▶ **Task objective**
Below is a listing. Set down exactly the lines from the one containing "Pensión Le Stanze Del Principe 2*" through the one containing "SPF 50+ 50 мл", both ends included, and leave out the rest.

---------- Given records

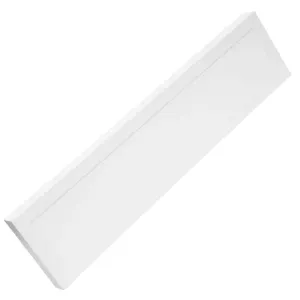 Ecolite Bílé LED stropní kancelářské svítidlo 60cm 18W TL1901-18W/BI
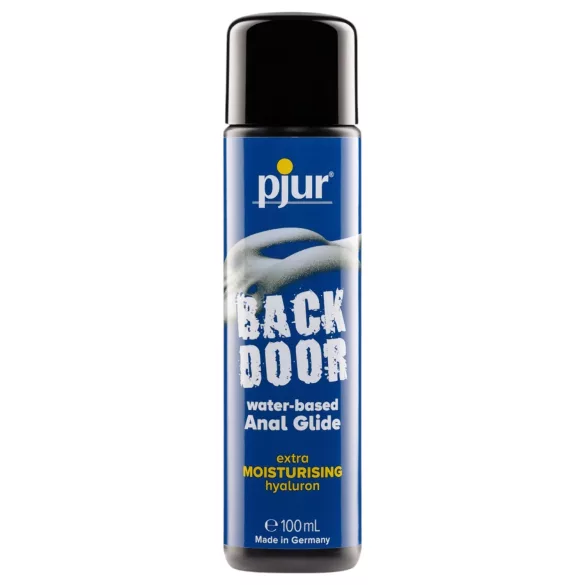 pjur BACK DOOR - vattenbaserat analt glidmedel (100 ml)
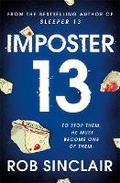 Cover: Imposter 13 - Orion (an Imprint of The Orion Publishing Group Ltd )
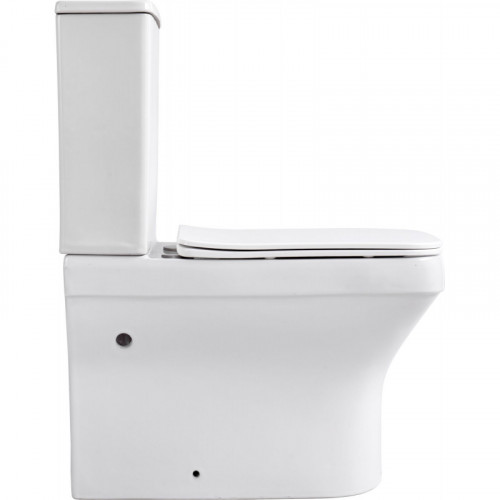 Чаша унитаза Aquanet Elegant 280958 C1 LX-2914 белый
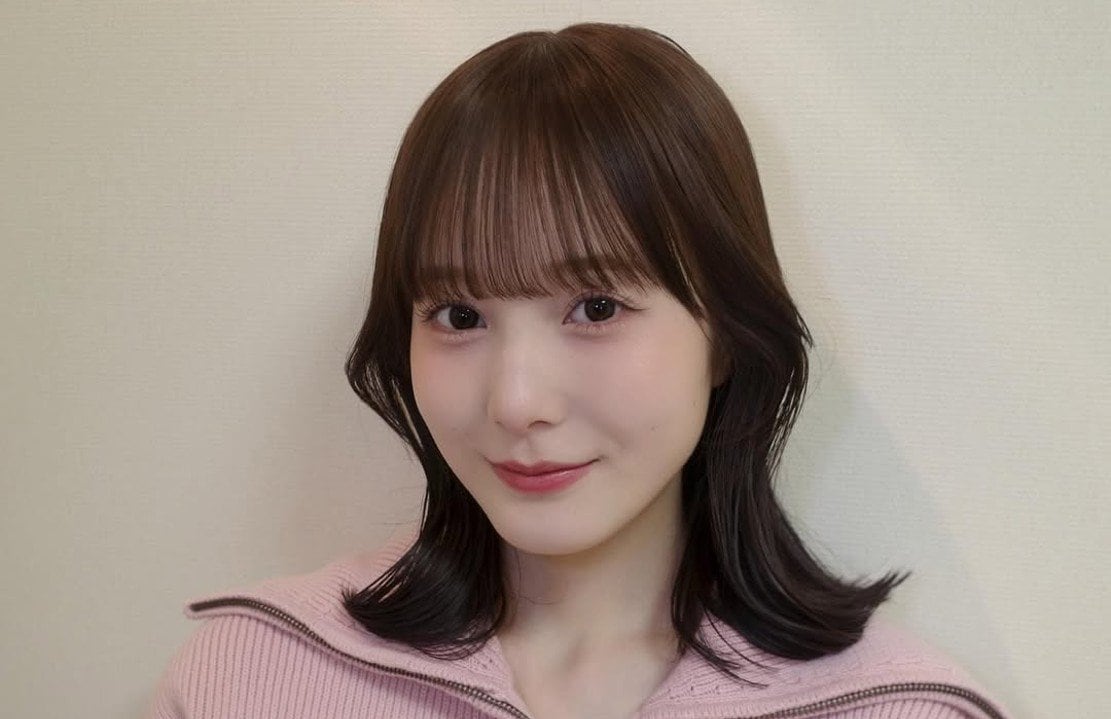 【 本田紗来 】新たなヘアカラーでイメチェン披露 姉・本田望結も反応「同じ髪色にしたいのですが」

--------------------
---------- Given records

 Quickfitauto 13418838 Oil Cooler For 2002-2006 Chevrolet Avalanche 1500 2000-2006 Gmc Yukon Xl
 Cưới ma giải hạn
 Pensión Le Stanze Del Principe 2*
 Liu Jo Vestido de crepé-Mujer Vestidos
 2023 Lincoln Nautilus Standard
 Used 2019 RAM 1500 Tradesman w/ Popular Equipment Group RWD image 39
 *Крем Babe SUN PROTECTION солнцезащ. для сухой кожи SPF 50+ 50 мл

--------------------

▶ **Solution**
 Pensión Le Stanze Del Principe 2*
 Liu Jo Vestido de crepé-Mujer Vestidos
 2023 Lincoln Nautilus Standard
 Used 2019 RAM 1500 Tradesman w/ Popular Equipment Group RWD image 39
 *Крем Babe SUN PROTECTION солнцезащ. для сухой кожи SPF 50+ 50 мл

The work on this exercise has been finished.